Smash is a high-performance CLI tool for detecting duplicate files — fast. It works by slicing files or blobs into segments and hashing them with blazing-fast, non-cryptographic algorithms like xxhash or murmur3.
Built for speed and scale, smash
is ideal for everything from low-bandwidth deduplication to analysing multi-terabyte datasets.
- Fast: Handles large files quickly via slicing
- Efficient: Optimised for low I/O and bandwidth-constrained environments
- Smart hashing: Supports multiple algorithms like
xxhash
,murmur3
, and more - Safe: Performs read-only scans of the filesystem
- Comprehensive: Detects duplicate and empty (0-byte) files
- Machine-friendly: JSON output compatible with tools like
jq
— examples, demos - Proven: Used to dedupe multi-terabyte astrophysics, image, and video datasets
smash
does not delete duplicates. It generates detailed reports for you to safely review and act on.
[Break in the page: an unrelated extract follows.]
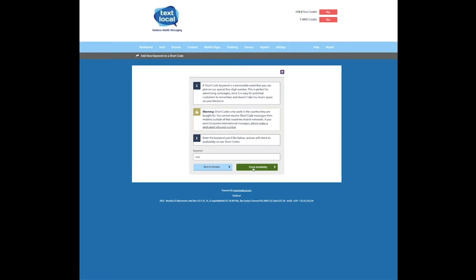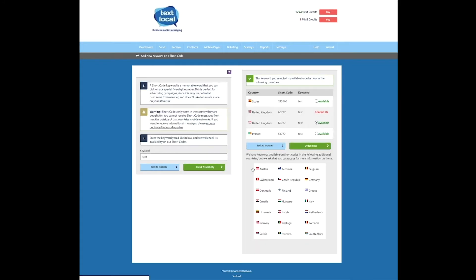Once you've done this, simply check the availability. Our keyword is available in the UK which is where we'll be sending to, so we can go ahead and click order inbox.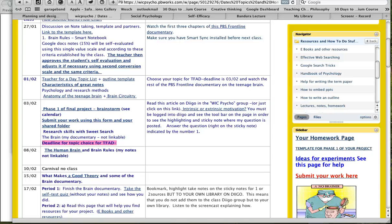Hello everyone. In this screencast you're going to learn how to start using the highlighting feature and the sticky note feature for doing your research and taking notes on Diigo. The first step is you need some credible sources to work with. One of the ways is you can come over to the wiki, look in the navigator in the folder Resources and How To Do Stuff, and you see this page called Ebooks and Other Resources.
Find duplicates in the linux/drivers source tree with smash
(see our 🍿 other demos). Made with vhs!
The name comes from a prototype tool called SmartHash (written many years ago in C/ASM that's now lost in source & too hard to modernise). It operated on a similar concept of slicing and hashing (with CRC32 then later MD5).
You can download the latest binaries from Github Releases or via our simple installer script - which currently supports Linux, macos, FreeBSD & Windows:
bash <(curl -s https://raw.githubusercontent.com/thushan/smash/main/install.sh)
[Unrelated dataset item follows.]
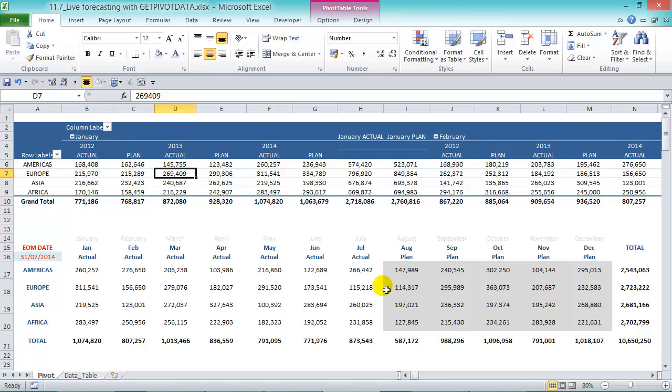And when you go into the end of month date then the values change. So the GETPIVOTDATA formula gives you some awesome power to create some live reports and you can print this out and send it off to your boss on a monthly basis and you don't have to recreate this each month.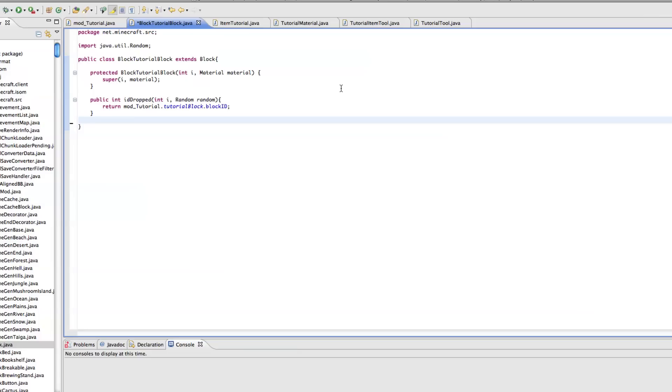So I know I said I'd talk about how to do explosions or world generation and I'm having some difficulties with that, just some bugs with Eclipse and MCP in regards to block multi-texturing, explosions, and world generation.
It will download the latest version & extract it to its own folder for you.
Alternatively, you can install it via go:
go install github.com/thushan/smash@latest
smash
has been developed on Linux (Pop!_OS & Fedora), tested on macOS, FreeBSD & Windows.
You can also run smash
using Docker. Multi-architecture images (amd64/arm64) are available on GitHub Container Registry:
Tip
Use the -t
flag to allocate a pseudo-TTY for better output formatting with Docker.
We use the --rm
flag to automatically remove the container after it exits, keeping
your environment clean in these examples.
# Pull the latest image
docker pull ghcr.io/thushan/smash:latest
# Scan current directory
docker run -t --rm -v "$PWD:/data" ghcr.io/thushan/smash:latest -r /data
# Scan with output file (saves to current directory)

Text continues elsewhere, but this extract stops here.